Thursday, October 11, 2018

Songs of the Week!

I've got too much music to fit on the podcast and more time to write about it now that I'm not longer doing the Wide Open Country thing. So let's dig in to some tasty Americana, folk, and punk snacks!

Mia and Jonah -- "Sugarbones


Let's kick it off with something a little out of our wheelhouse. Mia and Jonah's "Sugarbones" definitely has that Americana something, though I appreciate the trippy spaciness that is surely inspired by the band's San Francisco stomping grounds. The band's new album Spin as One reflects the birth of Mia Matari and Jonah Blumstein's first child. "Sugarbones" feels like a lullaby and an invitation to take part in all the exciting things the world has to offer.

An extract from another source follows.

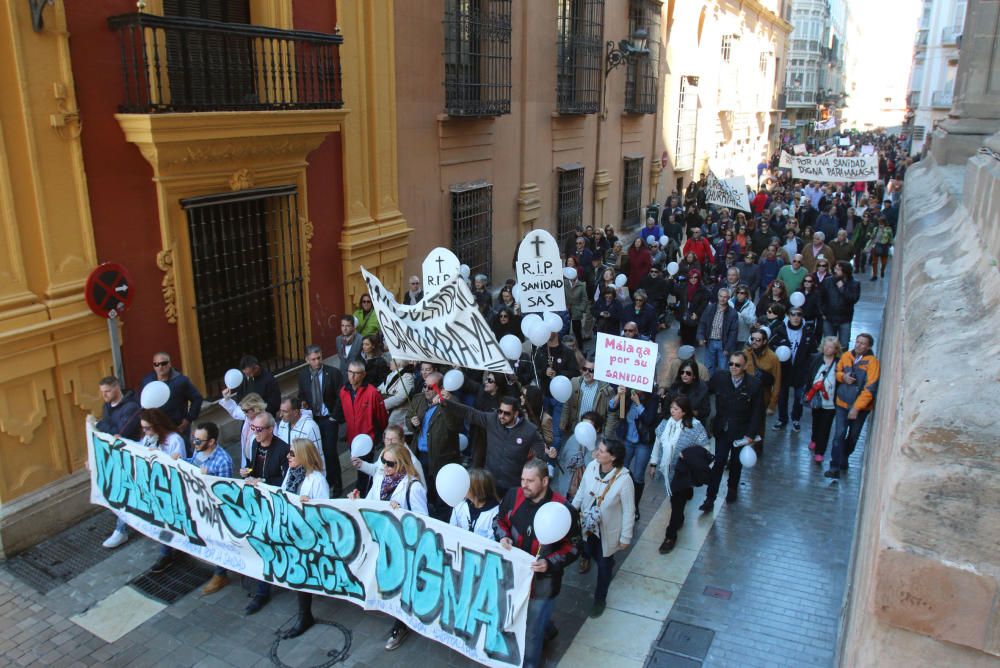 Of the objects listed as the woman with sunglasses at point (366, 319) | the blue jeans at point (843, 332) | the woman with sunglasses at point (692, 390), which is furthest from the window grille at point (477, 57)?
the woman with sunglasses at point (692, 390)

S.K. Wellington -- "Moment's Bliss"



Canadian singer Sarah Wellington (formerly of the Wellington Folk) has struck out on her own with her new LP. "Moment's Bliss" has that kind of desperate punk sound that makes my heart sing. "Moment's Bliss" contemplates happiness but isn't complacent -- a rare feat.

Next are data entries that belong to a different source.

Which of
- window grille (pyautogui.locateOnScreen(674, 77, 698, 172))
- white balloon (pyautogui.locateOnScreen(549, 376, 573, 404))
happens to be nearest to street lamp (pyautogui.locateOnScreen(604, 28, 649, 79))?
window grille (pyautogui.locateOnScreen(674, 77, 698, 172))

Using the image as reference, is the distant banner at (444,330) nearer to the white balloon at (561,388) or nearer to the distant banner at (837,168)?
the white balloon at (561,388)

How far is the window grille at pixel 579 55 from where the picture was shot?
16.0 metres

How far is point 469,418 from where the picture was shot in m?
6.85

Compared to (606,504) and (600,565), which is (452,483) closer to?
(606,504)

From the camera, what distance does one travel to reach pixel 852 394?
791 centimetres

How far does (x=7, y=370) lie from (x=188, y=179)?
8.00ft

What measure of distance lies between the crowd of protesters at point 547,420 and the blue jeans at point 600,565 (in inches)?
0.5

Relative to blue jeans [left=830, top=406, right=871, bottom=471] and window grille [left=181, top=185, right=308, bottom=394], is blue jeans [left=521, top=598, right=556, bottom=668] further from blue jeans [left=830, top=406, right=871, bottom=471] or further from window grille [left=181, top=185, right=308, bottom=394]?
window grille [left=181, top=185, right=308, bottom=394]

Grover Anderson -- "The Good"


 

 Grover Anderson has gotten some love on here before, and I was very excited to see more of his music land on my inbox. Grover's the kind of person with a relentless sense of optimism (hence the title of his 2014 album) who also has his shoes on the ground. "The Good" is a witty reminder to remember that even when things are at their toughest, there's reprieve around the corner.


Rare Americans -- "I Vs. I"



Canadian punk band Rare Americans (huh) brings a ton of energy to "I Vs I," a thrasher of a song that seems to be about the fear of becoming intimate with another person. The band describes themselves as "Crooked in the sense that we see the world a little crooked." That's certainly true of this song -- and it's also definitely catchy as heck.

Edward and Jane 


 

I thought I'd send us out on Edward and Jane , a six-piece"folkicana" band from Chattanooga, TN led by husband-and-wife duo Timothy Edward Carpenter (guitar/vocals) and Emilie Jane Carpenter (mandolin/vocals). "Hold Your Own" is redolent with gorgeous harmonies and anthemic hooks that all of our heavy hearts could use right now.